La técnica y el estilo de la música instrumental y vocal religiosa
y profana cultivada en Caracas con evidente influencia de Scarlatti,
Pergolesi y Sammartini, mejoró sensiblemente a partir de 1789 con
el conocimiento de partituras de Pleyel, Haydn y Mozart. El estudio
y la influencia de estos maestros europeos no se tradujo en una
imitación servil, sino que, por el contrario, las obras venezolanas
acusan una personalidad y rasgos que anuncian la formación de
características nacionales. La conexión del movimiento musical
existente en la catedral de Caracas hacia mediados del siglo XVIII
con los compositores surgidos de la llamada Escuela de Chacao, se
produjo por intermedio de la obra de Juan Manuel Olivares, Bartolomé
Bello, José Francisco Velásquez,
padre, y otros. Simultáneamente
con las actividades de estos músicos, se fue formando en la
academia una numerosa generación de instrumentistas y compositores.
Entre los más conocidos
por la calidad e importancia de su obra conservada figuran Cayetano
Carreño, José Ángel Lamas, Juan José Landaeta, José Francisco
Velásquez, hijo, Lino
Gallardo, Pedro Nolasco Colón, Juan Francisco Meserón, Atanasio
Bello y José María Isaza. De todo este grupo de músicos resalta
especialmente la obra de José Ángel Lamas. Es el único de todos
ellos que está a la altura de los más
grandes compositores coloniales americanos. La pobreza de
recursos humanos, ya sea como cantantes o como instrumentistas,
enaltece aún más los
logros obtenidos por su inspiración en obras como sus Tres
lecciones para el oficio de difuntos, Salve Regina, Popule Meus,
Miserere y Misa en Re. Exceptuando el Dúo para violines de Juan
Manuel Olivares y los Cuartetos para 2 flautas, violín y bajo de
Atanasio Bello, son las obras profanas de concierto de Juan
Francisco Meserón las únicas que se conocen y conservan en
cantidad apreciable. Hacia 1821 Meserón aparece radicado con su
familia en el pueblo de Petare, desempeñándose como maestro de capilla y director fundador de una escuela de
música. En 1824 publicó en la imprenta de Tomás Antero en Caracas, el primer texto de enseñanza musical
impreso en Venezuela, cuyo título es Explicación y conocimiento de
los principios generales de la música. Meserón emplea
frecuentemente en su orquesta una o dos flautas, 2 clarinetes, a
veces en sustitución de los oboes, un clarín, un fagot y un trombón,
además de las trompas
y cuerdas. La disposición instrumental usada en casi todas las
obras de los compositores de la Escuela de Chacao es similar a la
que en Europa practicaron Giovanni Battista Sammartini, Johann
Stamitz, Carl Stamitz, Christian Cannabich, F. J. Gossec, A. E. M.
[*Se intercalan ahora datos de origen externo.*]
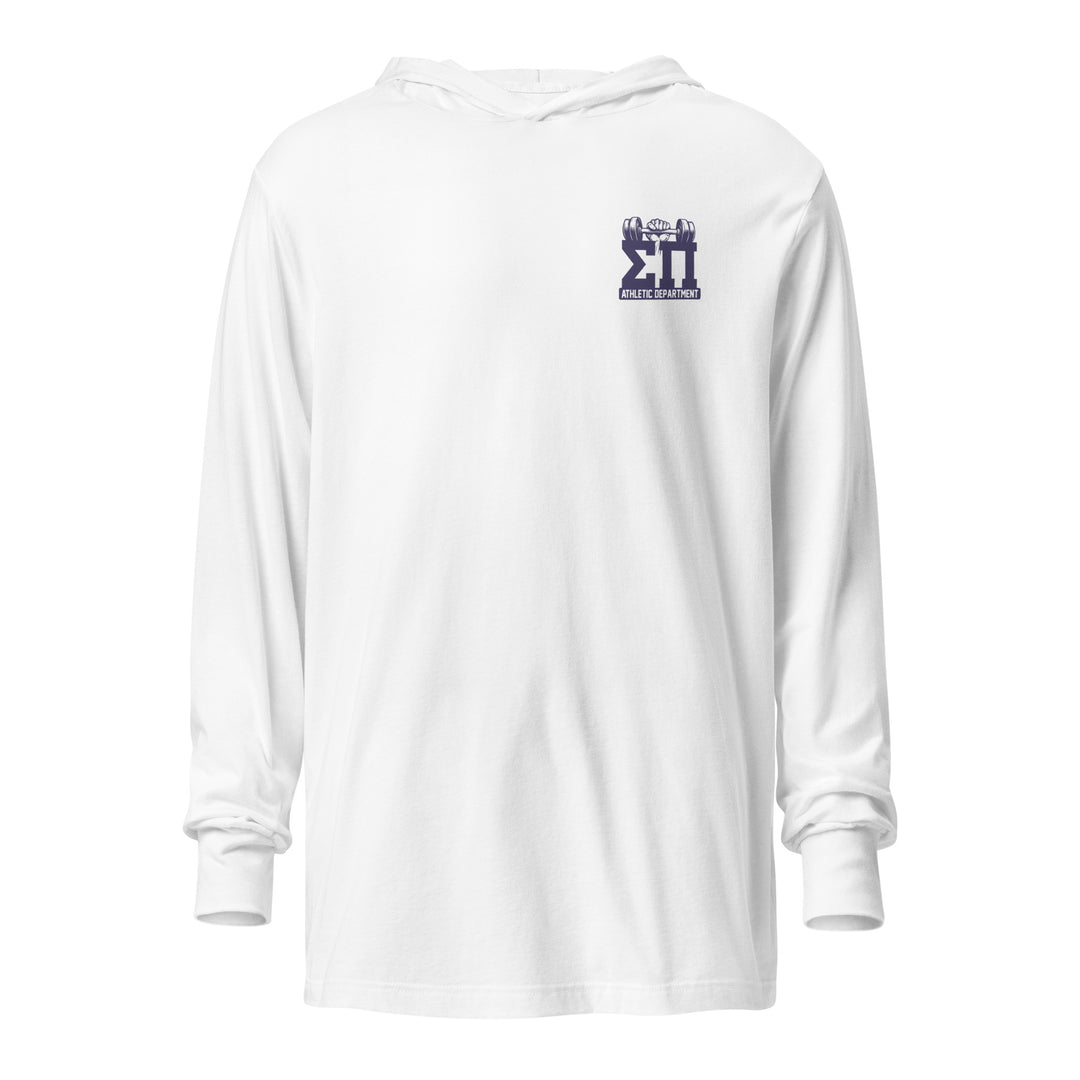 Sigma Pi Athletic Department Long Sleeve Hooded Shirt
Grétry y F. J. Haydn en sus primeras sinfonías.
Fallecido
el padre Sojo en 1799, dejó de existir la poderosa y entusiasta
personalidad que había cohesionado los esfuerzos de todos los músicos
surgidos en aquella época. A partir de entonces, progresivamente,
los músicos se fueron agrupando alrededor de las principales
personalidades musicales y comenzaron un movimiento de expansión
que hubiera resultado sin precedentes en toda América, si no lo
hubieran impedido las sublevaciones y la Guerra de Independencia,
con las consecuencias inevitables de inestabilidad social y económica.
El nuevo movimiento musical se fue perfilando hacia 3 zonas del país:
oriente (Cumaná), occidente
(Mérida) y Caracas, que continuó conservando la supremacía de las
actividades musicales. En Cumaná,
Bartolomé Bello y José María Gómez Cardiel se encargaron
de difundir la tradición musical caraqueña; en Mérida, José María
Osorio desempeñó una polifacética actividad; en Caracas, José
María Montero, perteneciente a una familia dedicada
tradicionalmente a la música, discípulo de José Luis Landaeta,
continuó con la tradición de composiciones religiosas y «tonos».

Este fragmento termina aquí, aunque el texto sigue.